→ Prompt
Starting from the line that holds "kartonépítő fahangya - Lasius fuliginosus", print each remaining line of the entries exactly, ending with the last.

[[ Data extract, beginning ]]

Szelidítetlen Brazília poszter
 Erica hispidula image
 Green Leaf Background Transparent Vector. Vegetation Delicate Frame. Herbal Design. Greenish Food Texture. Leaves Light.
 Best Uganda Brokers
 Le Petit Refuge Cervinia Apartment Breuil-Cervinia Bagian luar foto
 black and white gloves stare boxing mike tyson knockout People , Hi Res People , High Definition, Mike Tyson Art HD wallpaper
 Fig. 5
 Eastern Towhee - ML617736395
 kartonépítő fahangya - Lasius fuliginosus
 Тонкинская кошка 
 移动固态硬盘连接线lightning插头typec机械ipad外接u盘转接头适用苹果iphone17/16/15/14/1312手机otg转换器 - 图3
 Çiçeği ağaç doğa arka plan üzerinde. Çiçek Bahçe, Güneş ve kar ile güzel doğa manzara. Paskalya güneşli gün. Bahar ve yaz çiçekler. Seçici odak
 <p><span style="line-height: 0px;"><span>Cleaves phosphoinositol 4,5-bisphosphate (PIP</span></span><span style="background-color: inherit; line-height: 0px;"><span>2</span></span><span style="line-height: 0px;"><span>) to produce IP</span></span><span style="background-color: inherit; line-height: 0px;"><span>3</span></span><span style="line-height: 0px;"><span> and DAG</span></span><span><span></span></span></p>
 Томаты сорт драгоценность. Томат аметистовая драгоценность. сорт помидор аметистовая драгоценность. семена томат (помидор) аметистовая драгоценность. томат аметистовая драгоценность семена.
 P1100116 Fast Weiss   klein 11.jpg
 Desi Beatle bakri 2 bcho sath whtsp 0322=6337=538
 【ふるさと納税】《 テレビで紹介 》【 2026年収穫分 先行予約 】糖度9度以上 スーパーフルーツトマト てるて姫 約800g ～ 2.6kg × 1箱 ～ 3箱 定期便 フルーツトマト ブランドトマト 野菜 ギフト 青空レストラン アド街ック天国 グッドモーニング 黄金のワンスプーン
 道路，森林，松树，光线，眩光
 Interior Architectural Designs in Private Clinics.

[[ Data extract, end ]]

→ Task result
 kartonépítő fahangya - Lasius fuliginosus
 Тонкинская кошка 
 移动固态硬盘连接线lightning插头typec机械ipad外接u盘转接头适用苹果iphone17/16/15/14/1312手机otg转换器 - 图3
 Çiçeği ağaç doğa arka plan üzerinde. Çiçek Bahçe, Güneş ve kar ile güzel doğa manzara. Paskalya güneşli gün. Bahar ve yaz çiçekler. Seçici odak
 <p><span style="line-height: 0px;"><span>Cleaves phosphoinositol 4,5-bisphosphate (PIP</span></span><span style="background-color: inherit; line-height: 0px;"><span>2</span></span><span style="line-height: 0px;"><span>) to produce IP</span></span><span style="background-color: inherit; line-height: 0px;"><span>3</span></span><span style="line-height: 0px;"><span> and DAG</span></span><span><span></span></span></p>
 Томаты сорт драгоценность. Томат аметистовая драгоценность. сорт помидор аметистовая драгоценность. семена томат (помидор) аметистовая драгоценность. томат аметистовая драгоценность семена.
 P1100116 Fast Weiss   klein 11.jpg
 Desi Beatle bakri 2 bcho sath whtsp 0322=6337=538
 【ふるさと納税】《 テレビで紹介 》【 2026年収穫分 先行予約 】糖度9度以上 スーパーフルーツトマト てるて姫 約800g ～ 2.6kg × 1箱 ～ 3箱 定期便 フルーツトマト ブランドトマト 野菜 ギフト 青空レストラン アド街ック天国 グッドモーニング 黄金のワンスプーン
 道路，森林，松树，光线，眩光
 Interior Architectural Designs in Private Clinics.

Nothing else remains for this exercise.